**Dataset records**
◇ ◇ ◇
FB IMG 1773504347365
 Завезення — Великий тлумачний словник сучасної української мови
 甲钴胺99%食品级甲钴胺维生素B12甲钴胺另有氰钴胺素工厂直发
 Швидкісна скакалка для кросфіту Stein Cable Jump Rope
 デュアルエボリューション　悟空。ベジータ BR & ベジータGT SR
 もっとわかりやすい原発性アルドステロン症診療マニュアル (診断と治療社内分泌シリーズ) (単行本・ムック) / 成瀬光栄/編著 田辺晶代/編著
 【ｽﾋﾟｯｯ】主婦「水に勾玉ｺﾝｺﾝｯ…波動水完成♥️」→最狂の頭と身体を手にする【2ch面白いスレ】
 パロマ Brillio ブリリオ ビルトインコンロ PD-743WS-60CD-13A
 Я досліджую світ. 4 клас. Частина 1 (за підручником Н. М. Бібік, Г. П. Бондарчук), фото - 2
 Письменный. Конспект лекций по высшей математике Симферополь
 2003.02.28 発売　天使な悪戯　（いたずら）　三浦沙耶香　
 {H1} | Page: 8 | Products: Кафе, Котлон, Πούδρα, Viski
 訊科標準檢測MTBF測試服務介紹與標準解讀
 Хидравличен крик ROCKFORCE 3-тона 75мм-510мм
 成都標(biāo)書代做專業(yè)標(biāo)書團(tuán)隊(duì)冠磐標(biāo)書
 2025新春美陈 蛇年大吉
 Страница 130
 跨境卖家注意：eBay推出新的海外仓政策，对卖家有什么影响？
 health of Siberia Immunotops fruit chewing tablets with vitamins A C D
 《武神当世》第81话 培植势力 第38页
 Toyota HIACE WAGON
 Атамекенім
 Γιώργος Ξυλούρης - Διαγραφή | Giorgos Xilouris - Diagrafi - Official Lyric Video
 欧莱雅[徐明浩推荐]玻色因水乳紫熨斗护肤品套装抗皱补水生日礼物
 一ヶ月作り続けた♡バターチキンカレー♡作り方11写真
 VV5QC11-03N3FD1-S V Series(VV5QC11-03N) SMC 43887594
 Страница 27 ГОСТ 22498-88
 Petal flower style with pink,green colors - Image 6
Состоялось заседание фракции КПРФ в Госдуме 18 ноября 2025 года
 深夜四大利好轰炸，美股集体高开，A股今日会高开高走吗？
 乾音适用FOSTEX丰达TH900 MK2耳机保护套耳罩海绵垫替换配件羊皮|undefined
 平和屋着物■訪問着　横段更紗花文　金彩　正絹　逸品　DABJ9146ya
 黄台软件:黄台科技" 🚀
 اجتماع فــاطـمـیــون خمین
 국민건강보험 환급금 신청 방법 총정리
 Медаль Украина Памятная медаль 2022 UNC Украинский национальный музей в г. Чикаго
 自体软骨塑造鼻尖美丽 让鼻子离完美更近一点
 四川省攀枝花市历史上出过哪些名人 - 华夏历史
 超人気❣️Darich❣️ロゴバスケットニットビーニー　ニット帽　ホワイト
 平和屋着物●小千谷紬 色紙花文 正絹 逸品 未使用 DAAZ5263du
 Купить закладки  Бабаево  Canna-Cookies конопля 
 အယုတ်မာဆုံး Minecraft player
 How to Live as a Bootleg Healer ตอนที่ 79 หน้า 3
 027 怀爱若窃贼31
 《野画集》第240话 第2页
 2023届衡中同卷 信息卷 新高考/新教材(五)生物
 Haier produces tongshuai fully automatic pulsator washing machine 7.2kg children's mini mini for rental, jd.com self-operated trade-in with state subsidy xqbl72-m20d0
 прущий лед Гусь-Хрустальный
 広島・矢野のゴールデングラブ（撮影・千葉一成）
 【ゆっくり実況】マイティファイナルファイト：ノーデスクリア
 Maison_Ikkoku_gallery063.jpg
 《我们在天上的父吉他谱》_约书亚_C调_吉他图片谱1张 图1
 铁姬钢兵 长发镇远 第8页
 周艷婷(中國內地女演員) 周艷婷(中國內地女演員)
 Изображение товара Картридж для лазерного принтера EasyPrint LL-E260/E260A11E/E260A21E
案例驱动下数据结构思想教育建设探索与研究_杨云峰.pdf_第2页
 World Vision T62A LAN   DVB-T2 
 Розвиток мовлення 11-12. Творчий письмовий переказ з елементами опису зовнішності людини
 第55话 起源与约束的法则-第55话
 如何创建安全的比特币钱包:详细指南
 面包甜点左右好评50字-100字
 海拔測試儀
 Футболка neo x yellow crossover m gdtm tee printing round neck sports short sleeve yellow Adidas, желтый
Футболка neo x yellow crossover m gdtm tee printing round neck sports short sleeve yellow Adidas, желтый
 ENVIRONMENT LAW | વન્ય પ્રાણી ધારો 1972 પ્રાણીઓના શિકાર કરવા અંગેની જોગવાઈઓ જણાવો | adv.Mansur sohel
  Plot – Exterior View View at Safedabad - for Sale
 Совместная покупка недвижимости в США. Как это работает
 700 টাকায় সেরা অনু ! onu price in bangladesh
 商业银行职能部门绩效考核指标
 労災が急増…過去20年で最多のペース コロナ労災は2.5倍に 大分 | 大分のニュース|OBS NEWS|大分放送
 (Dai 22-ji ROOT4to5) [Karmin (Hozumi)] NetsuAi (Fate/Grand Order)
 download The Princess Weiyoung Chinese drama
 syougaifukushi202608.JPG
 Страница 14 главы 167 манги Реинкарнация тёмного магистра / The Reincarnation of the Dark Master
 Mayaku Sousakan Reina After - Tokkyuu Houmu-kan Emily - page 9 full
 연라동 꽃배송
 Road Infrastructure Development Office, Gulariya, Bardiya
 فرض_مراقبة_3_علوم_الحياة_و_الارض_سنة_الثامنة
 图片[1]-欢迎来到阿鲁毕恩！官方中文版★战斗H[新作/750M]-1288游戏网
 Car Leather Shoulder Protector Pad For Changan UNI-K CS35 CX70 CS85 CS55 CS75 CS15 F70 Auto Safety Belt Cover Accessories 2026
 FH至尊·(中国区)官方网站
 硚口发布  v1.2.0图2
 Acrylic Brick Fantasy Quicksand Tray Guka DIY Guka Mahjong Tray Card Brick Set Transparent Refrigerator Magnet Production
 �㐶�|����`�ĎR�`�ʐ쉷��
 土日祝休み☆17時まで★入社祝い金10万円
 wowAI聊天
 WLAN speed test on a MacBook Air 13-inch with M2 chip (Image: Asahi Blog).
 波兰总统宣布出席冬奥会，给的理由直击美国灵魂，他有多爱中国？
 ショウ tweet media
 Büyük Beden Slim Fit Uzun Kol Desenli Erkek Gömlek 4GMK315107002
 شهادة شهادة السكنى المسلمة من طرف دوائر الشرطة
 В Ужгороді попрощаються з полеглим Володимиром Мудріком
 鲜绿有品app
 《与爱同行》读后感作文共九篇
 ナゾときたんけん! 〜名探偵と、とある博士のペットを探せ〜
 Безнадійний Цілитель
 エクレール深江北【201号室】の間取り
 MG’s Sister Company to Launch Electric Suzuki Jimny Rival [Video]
◇ ◇ ◇
**Work instruction**
What you return should be exactly the lines above, starting at the one with "深夜四大利好轰炸，美股集体高开，A股今日会高开高走吗？" and ending at the one with "Haier produces tongshuai", and nothing else.

**Solution**
 深夜四大利好轰炸，美股集体高开，A股今日会高开高走吗？
 乾音适用FOSTEX丰达TH900 MK2耳机保护套耳罩海绵垫替换配件羊皮|undefined
 平和屋着物■訪問着　横段更紗花文　金彩　正絹　逸品　DABJ9146ya
 黄台软件:黄台科技" 🚀
 اجتماع فــاطـمـیــون خمین
 국민건강보험 환급금 신청 방법 총정리
 Медаль Украина Памятная медаль 2022 UNC Украинский национальный музей в г. Чикаго
 自体软骨塑造鼻尖美丽 让鼻子离完美更近一点
 四川省攀枝花市历史上出过哪些名人 - 华夏历史
 超人気❣️Darich❣️ロゴバスケットニットビーニー　ニット帽　ホワイト
 平和屋着物●小千谷紬 色紙花文 正絹 逸品 未使用 DAAZ5263du
 Купить закладки  Бабаево  Canna-Cookies конопля 
 အယုတ်မာဆုံး Minecraft player
 How to Live as a Bootleg Healer ตอนที่ 79 หน้า 3
 027 怀爱若窃贼31
 《野画集》第240话 第2页
 2023届衡中同卷 信息卷 新高考/新教材(五)生物
 Haier produces tongshuai fully automatic pulsator washing machine 7.2kg children's mini mini for rental, jd.com self-operated trade-in with state subsidy xqbl72-m20d0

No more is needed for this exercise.